Question

The Theory of Gravity. How does the fact of gravity-for example, that things really do fall down-differ from what we think of as the theory of gravity? Briefly explain how and why Einstein's theory of gravity supplanted Newton's theory of gravity, and why we expect that we'll eventually find a theory that is even more general than Einstein's.

Short answer

Gravity is an observable fact; Newton's theory describes it as a force, while Einstein's theory describes it as spacetime curvature. Einstein's theory succeeded Newton's as it explains phenomena that Newton's couldn't, but a more general theory is expected to integrate quantum mechanics.

Step-by-step solution

Understanding the Fact of Gravity

The fact of gravity is the observation that objects fall toward each other, such as an apple falling to the ground. This is a consistent, observable phenomenon that can be experienced in everyday life.

Understanding the Theory of Gravity

A theory of gravity attempts to explain why and how this phenomenon occurs. Newton's theory described gravity as a force between two masses, governed by his law of universal gravitation. Einstein's theory, however, explains gravity as the curvature of spacetime caused by mass and energy.

Transition from Newton's to Einstein's Theory

Einstein's theory of general relativity replaced Newton's theory by providing a more comprehensive description of gravitational phenomena. It explained anomalies that Newton's theory could not, such as the precession of Mercury's orbit. It also offered a new framework where gravity was not a force but the result of curved spacetime.

Looking Beyond Einstein's Theory

While Einstein's theory has been successful in many ways, physicists believe it is incomplete because it does not account for quantum effects. A more complete theory, often referred to as quantum gravity, would integrate general relativity with quantum mechanics to explain phenomena at both large and small scales.

Key concepts

Newton's Law of Universal Gravitation

Newton's Law of Universal Gravitation was a groundbreaking idea introduced by Sir Isaac Newton in the 17th century. This theory describes gravity as a force that acts between two masses.
Newton's formula for this gravitational force is: \[ F = G \frac{m_1 m_2}{r^2} \] where:

• \( F \) is the gravitational force between the objects,
• \( G \) is the universal gravitational constant,
• \( m_1 \) and \( m_2 \) are the masses of the objects, and
• \( r \) is the distance between the centers of the two masses.

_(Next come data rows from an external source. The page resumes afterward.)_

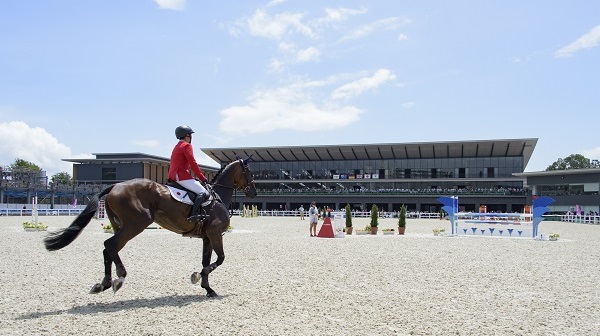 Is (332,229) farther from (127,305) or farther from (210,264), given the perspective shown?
(127,305)

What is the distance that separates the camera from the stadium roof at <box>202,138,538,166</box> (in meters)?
78.1

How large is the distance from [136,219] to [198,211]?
1.17 meters

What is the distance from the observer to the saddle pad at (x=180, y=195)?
8.97 meters

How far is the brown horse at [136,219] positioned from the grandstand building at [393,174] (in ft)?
228

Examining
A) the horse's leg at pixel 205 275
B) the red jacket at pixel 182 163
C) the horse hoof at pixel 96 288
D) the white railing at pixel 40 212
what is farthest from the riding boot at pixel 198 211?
the white railing at pixel 40 212

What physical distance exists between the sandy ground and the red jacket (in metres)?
2.12

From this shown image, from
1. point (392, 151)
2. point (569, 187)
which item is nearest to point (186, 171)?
point (569, 187)

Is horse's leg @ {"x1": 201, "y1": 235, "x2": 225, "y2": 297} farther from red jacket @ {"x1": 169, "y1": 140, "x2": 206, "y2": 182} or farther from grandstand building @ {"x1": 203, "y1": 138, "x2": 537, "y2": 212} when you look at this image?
grandstand building @ {"x1": 203, "y1": 138, "x2": 537, "y2": 212}

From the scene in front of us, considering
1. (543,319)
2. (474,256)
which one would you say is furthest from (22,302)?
(474,256)

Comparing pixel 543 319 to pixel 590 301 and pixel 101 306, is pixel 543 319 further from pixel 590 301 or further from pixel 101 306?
pixel 101 306

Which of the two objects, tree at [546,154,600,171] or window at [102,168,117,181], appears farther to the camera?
tree at [546,154,600,171]

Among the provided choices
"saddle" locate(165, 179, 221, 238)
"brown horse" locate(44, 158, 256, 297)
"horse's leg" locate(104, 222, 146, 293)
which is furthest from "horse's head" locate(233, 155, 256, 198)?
"horse's leg" locate(104, 222, 146, 293)

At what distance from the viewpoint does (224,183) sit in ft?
33.3

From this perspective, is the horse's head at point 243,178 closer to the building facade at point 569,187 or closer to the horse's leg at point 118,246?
the horse's leg at point 118,246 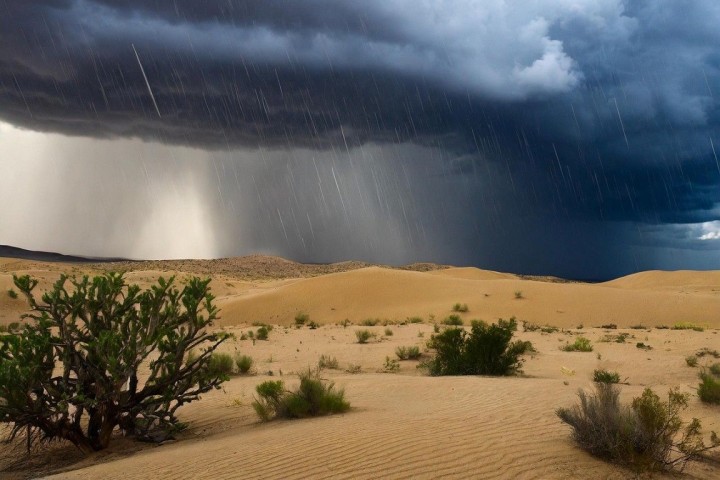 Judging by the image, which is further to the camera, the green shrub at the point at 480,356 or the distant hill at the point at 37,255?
the distant hill at the point at 37,255

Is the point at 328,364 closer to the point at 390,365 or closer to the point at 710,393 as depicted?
the point at 390,365

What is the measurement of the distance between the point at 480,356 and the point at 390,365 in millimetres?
3068

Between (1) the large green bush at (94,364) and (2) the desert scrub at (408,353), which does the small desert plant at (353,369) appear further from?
(1) the large green bush at (94,364)

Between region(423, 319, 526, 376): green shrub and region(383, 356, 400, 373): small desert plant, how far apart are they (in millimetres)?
1051

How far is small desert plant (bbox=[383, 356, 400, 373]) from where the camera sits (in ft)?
52.4

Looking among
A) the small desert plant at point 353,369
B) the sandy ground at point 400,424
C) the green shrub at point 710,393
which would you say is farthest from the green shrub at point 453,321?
the green shrub at point 710,393

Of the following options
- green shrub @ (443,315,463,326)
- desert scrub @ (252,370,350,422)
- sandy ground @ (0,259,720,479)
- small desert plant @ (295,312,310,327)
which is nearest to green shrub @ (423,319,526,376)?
sandy ground @ (0,259,720,479)

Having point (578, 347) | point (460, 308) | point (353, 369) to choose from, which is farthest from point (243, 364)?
point (460, 308)

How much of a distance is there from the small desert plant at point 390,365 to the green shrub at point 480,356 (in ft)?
3.45

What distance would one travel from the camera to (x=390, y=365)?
1661 centimetres

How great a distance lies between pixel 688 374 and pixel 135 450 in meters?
13.4

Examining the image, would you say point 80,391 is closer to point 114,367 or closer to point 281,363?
point 114,367

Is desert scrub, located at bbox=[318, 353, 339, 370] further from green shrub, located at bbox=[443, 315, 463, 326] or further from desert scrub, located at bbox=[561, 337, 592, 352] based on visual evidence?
green shrub, located at bbox=[443, 315, 463, 326]

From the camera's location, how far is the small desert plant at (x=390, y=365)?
16.0m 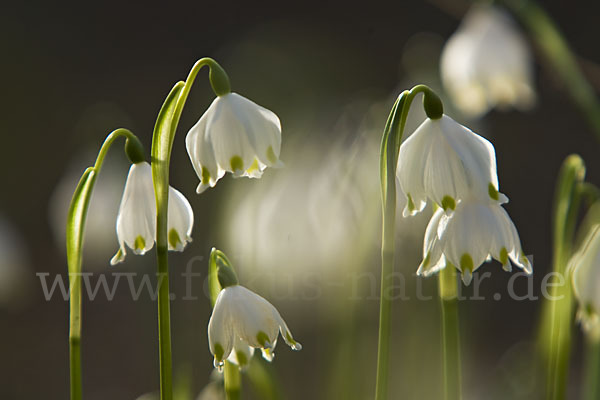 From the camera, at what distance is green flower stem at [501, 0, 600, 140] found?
60.8 inches

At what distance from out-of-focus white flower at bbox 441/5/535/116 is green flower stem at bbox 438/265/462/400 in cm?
130

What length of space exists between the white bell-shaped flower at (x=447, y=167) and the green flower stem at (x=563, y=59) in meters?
0.73

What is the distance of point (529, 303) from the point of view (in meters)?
3.81

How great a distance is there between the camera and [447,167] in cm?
85

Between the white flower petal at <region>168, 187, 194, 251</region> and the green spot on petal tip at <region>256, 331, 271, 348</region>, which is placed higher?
the white flower petal at <region>168, 187, 194, 251</region>

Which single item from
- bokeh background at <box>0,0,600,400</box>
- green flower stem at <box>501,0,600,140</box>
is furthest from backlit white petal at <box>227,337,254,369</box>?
green flower stem at <box>501,0,600,140</box>

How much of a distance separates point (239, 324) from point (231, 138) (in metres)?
0.21

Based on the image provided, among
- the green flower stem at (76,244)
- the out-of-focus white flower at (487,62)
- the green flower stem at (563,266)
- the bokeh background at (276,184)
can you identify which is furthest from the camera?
the out-of-focus white flower at (487,62)

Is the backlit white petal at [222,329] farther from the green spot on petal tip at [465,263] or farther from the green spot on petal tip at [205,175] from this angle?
the green spot on petal tip at [465,263]

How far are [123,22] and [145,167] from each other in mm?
3813

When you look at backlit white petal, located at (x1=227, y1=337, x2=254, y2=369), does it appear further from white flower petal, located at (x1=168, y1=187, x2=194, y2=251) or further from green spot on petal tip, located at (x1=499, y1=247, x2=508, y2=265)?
green spot on petal tip, located at (x1=499, y1=247, x2=508, y2=265)

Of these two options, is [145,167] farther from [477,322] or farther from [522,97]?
[477,322]

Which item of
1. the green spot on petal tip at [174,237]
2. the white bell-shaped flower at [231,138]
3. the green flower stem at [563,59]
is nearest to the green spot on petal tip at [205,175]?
the white bell-shaped flower at [231,138]

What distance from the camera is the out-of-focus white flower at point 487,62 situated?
212 centimetres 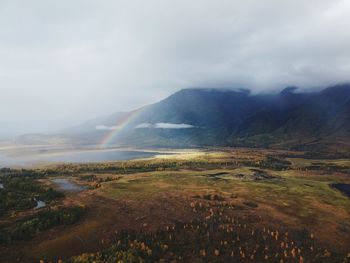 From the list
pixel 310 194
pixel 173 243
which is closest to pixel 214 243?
pixel 173 243

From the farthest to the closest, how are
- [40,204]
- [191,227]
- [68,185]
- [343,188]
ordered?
[343,188]
[68,185]
[40,204]
[191,227]

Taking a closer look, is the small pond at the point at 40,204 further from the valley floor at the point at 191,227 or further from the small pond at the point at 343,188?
the small pond at the point at 343,188

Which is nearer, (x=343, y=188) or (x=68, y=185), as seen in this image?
(x=68, y=185)

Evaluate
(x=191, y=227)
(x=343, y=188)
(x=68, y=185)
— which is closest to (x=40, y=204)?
(x=68, y=185)

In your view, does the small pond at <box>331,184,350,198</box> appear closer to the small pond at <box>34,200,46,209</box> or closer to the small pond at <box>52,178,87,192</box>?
the small pond at <box>52,178,87,192</box>

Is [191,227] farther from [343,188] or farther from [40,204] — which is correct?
[343,188]

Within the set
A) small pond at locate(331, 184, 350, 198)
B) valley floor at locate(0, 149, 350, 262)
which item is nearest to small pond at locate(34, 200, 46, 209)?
valley floor at locate(0, 149, 350, 262)

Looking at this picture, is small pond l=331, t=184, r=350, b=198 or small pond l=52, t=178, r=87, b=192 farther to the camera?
small pond l=331, t=184, r=350, b=198

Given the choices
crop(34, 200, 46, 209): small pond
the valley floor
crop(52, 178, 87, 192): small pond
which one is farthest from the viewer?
crop(52, 178, 87, 192): small pond

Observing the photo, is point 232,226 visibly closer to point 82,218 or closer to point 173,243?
point 173,243

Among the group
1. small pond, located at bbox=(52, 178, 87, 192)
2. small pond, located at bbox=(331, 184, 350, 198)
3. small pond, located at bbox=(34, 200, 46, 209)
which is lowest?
small pond, located at bbox=(331, 184, 350, 198)

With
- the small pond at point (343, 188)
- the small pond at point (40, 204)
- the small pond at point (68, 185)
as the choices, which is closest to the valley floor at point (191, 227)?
the small pond at point (40, 204)

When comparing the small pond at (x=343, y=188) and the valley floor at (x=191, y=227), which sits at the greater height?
the valley floor at (x=191, y=227) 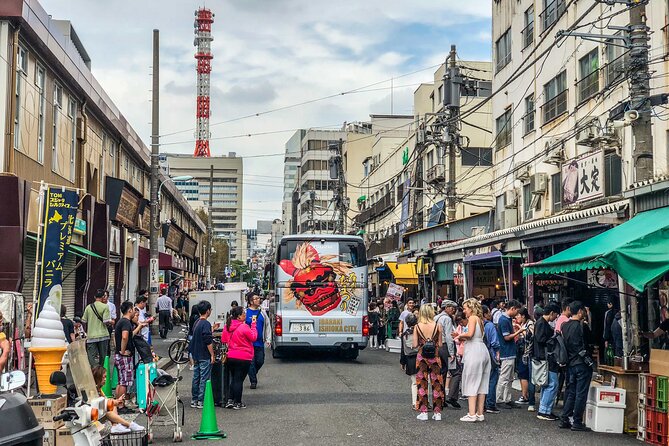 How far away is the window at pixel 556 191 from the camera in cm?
2429

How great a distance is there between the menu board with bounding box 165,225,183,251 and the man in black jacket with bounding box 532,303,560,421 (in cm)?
3568

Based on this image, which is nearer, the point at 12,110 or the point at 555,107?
the point at 12,110

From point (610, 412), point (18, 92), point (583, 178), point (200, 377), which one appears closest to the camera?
point (610, 412)

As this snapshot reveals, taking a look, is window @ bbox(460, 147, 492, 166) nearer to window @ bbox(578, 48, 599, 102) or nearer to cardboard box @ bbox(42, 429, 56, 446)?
window @ bbox(578, 48, 599, 102)

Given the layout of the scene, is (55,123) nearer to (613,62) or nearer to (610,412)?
(613,62)

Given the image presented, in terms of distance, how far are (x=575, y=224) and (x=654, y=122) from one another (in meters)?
4.11

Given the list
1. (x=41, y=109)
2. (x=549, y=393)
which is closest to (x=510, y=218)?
(x=41, y=109)

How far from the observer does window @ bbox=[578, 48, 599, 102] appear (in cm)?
2195

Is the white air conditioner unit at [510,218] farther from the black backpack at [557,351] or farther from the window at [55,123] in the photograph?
the black backpack at [557,351]

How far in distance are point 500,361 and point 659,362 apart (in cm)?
335

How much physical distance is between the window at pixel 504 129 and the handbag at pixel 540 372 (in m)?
18.7

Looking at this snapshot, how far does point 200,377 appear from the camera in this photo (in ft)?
42.3

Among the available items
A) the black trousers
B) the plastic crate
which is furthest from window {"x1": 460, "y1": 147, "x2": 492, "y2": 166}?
the plastic crate

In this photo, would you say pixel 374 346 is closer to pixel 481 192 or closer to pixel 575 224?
pixel 575 224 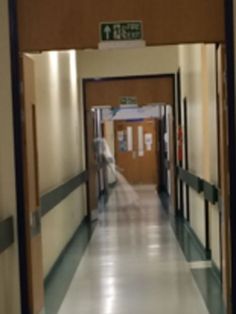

Newton's law was revolutionary because it gave a simple yet powerful formula that could predict the motion of planets and falling apples alike.
However, it treats gravity as an instantaneous force acting at a distance and can't completely explain all gravitational phenomena, especially those on an astronomical scale.

General Relativity

Albert Einstein introduced the theory of General Relativity in the early 20th century. It revolutionized our understanding by describing gravity not as a force but as the curvature of spacetime around massive objects.
According to this theory, massive objects like planets and stars warp the fabric of spacetime, much like a heavy ball placed on a stretched rubber sheet causes it to sag.
Einstein's theory explained unsolved mysteries from Newton's time, such as the precise orbit of Mercury, and predicted phenomena like the bending of light by gravity (gravitational lensing), which have been verified by experiments.
Key highlights include:

• Gravity affects the passage of time; clocks in strong gravitational fields tick slower compared to those in weaker fields, known as gravitational time dilation.
• General relativity predicts the existence of black holes, a region of such strong gravitational pull that nothing, not even light, can escape from it.

While General Relativity beautifully describes large scale structures and phenomena, it doesn't fully integrate with quantum mechanics, pointing towards a need for a more comprehensive theory.

Quantum Gravity

Quantum Gravity is a theoretical framework that seeks to blend the principles of quantum mechanics with general relativity.
The standard theories we have today work well on their own: quantum mechanics explains the smallest particles and forces, while general relativity explains the universe at astronomical distances and massive bodies. Yet they don't pair successfully.
Physicists believe a unified theory could solve this puzzle. Potential theories of quantum gravity include:

• String Theory: Suggests that the basic building blocks of the universe are one-dimensional "strings" rather than point-like particles. It attempts to describe all particles and forces, including gravity, on a quantum level.
• Loop Quantum Gravity: Proposes that spacetime itself is made up of discrete chunks, or "loops," rather than being continuous, which may help explain gravity at a quantum level.

Once a successful theory of quantum gravity is developed, it could provide a more complete picture of the universe by explaining phenomena across all scales, from the subatomic to the cosmic.